I’m going to draw a line between ages 15 and 16. At 16, as you’ll read later, I started some new, grown up, bad behaviors that I didn’t have at 15. Through junior high and the first grades of senior high I was a sick puppy. I tend to think that I was an alcoholic who hadn’t found the drink yet. I was mentally ill, no doubt about that. I’ve heard some say that adolescents are mentally ill by definition. I know I wasn’t alone in going crazy and going bad during those years.
After I turned 12 or 13, and went to the doctor for a yearly physical, I had gained substantial weight and not really grown. I wasn’t over weight at all, not till I was probably 40. But my body type was pretty set at short and small boned. I had first needed a bra at nine years old, the first one in my fourth grade class. That was not nice. As a result I really thought I had an overly big chest for many, many years. I really don’t, though on someone as short as I am, an average amount goes a long way.
My knee issues were pretty much resolved. I had big scars and lumpy knees, but they stayed in place and I was only really restricted from a few activities like skiing and kneeling. My allergies had moderated. I was still an only child, though more of my peers were fatherless by that time. I had fallen behind in school to the point that I was on the slow track for math and science by ninth grade. I redeemed myself and got back with the regular kids for those subjects, and the smart kids for English. I had no friends. I wasn’t despised or picked on, I just didn’t have friends. I had no one to sit with at lunch. When I sat with someone, they would let me sit there and talk to me. But that was it. They weren’t my friends.

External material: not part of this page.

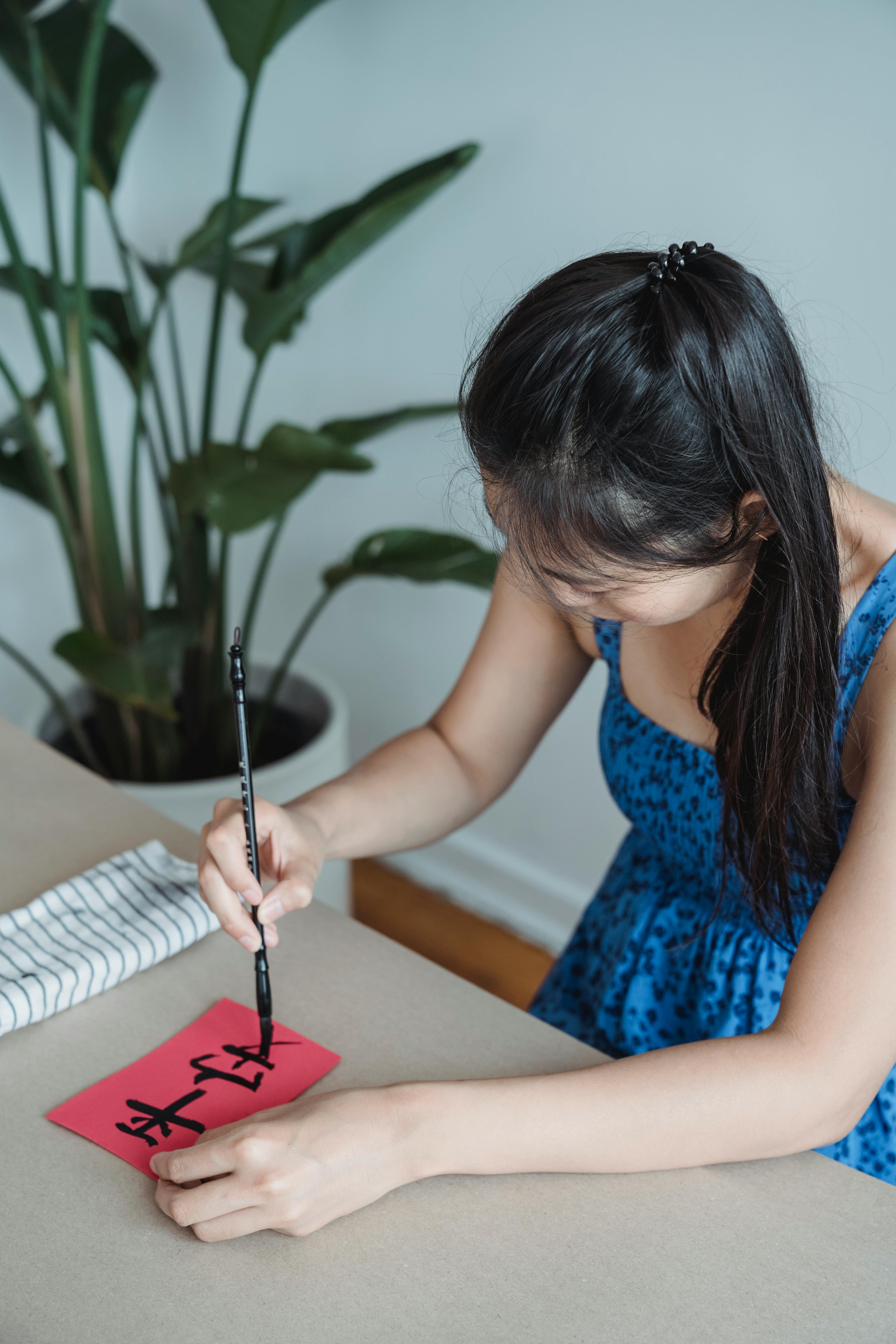 woman painting symbols on paper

One friend I do need to mention is Isabel (not her real name). I met her when we moved to the house in the suburbs when I was five. She was four, and she lived down the block. Back then, in the late 1960s, kids that young actually played out on the streets (we had no sidewalks). She was my friend then, and she’s my friend now, now that I’m almost 46 and she’s almost 45. We live a few hundred miles apart and we don’t see each other often. We have, through the years, because she stayed in our hometown and so did my mother, so I’d see her once a year or more often as I visited. She and my mother have moved, though, and I don’t know when or how I will see her next.

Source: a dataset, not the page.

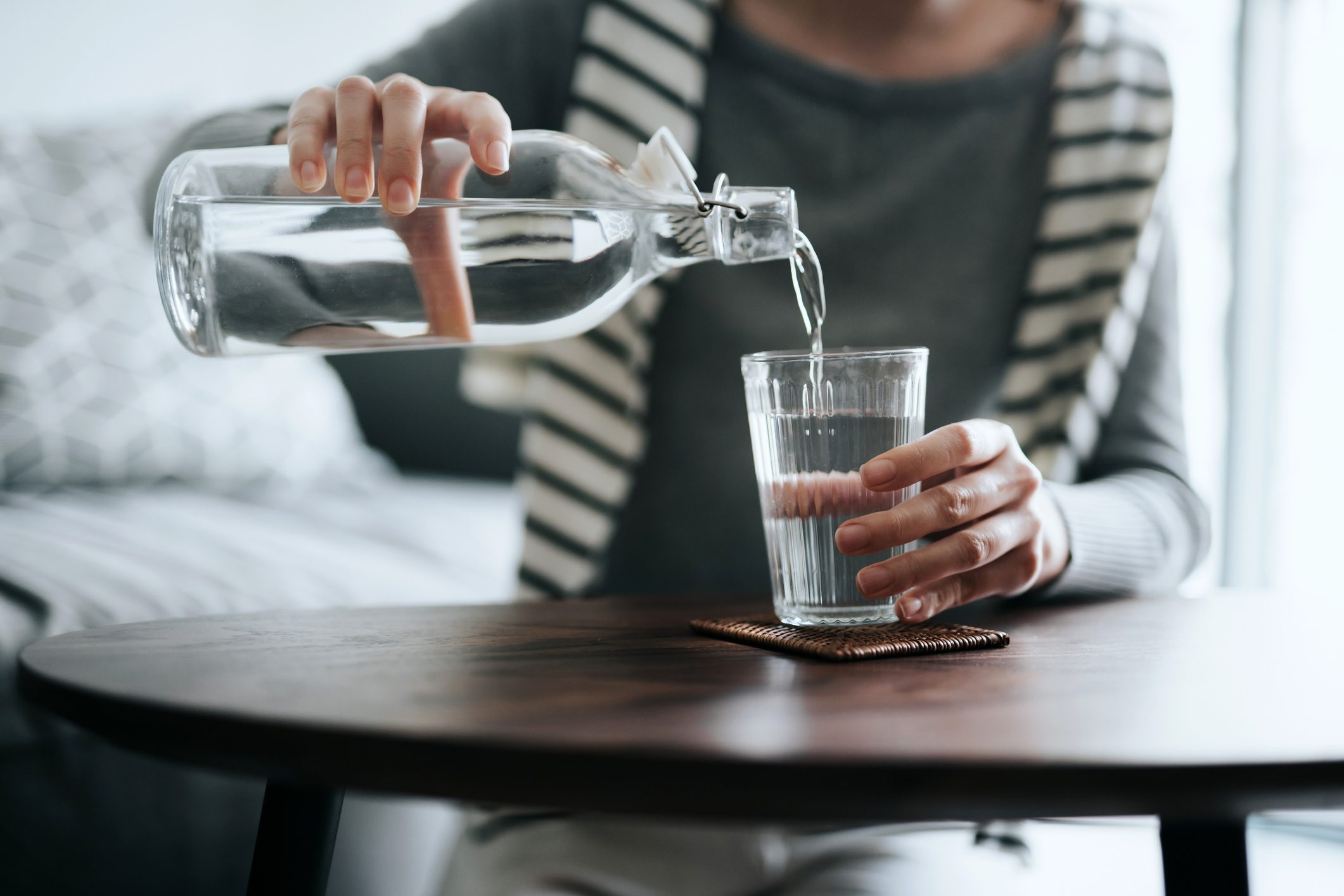 Close up of young Asian woman pouring water from bottle into the glass on a coffee table at home. Healthy lifestyle and stay hydrated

But back then, she was my friend. She actually covered my babysitting job so that I could go to my very first AA meeting. But I’m getting ahead of myself.
During the years in question, I cut myself. I cut my forearms and my face. At that time I had not heard of anyone doing this. I hid my razor under my jewelry box, and one day my mother dusted my furniture, found the razor and took it. Didn’t say a word. When I cut my wrist (not nearly deeply enough to really hurt myself), I said the TV wires had cut me. Her husband commented that those wires can cut like a razor. So she had told him. Still she said nothing to me.
I wrote a story for English in which a girl tries to kill herself. I was scheduled to see the school psychologist. When he asked me to draw a person, I drew a cartoon figure. I wouldn’t talk, I didn’t cooperate. Ditto with the school guidance counselor.
I thank God I found alcohol. The recovery from that has saved me in so many ways.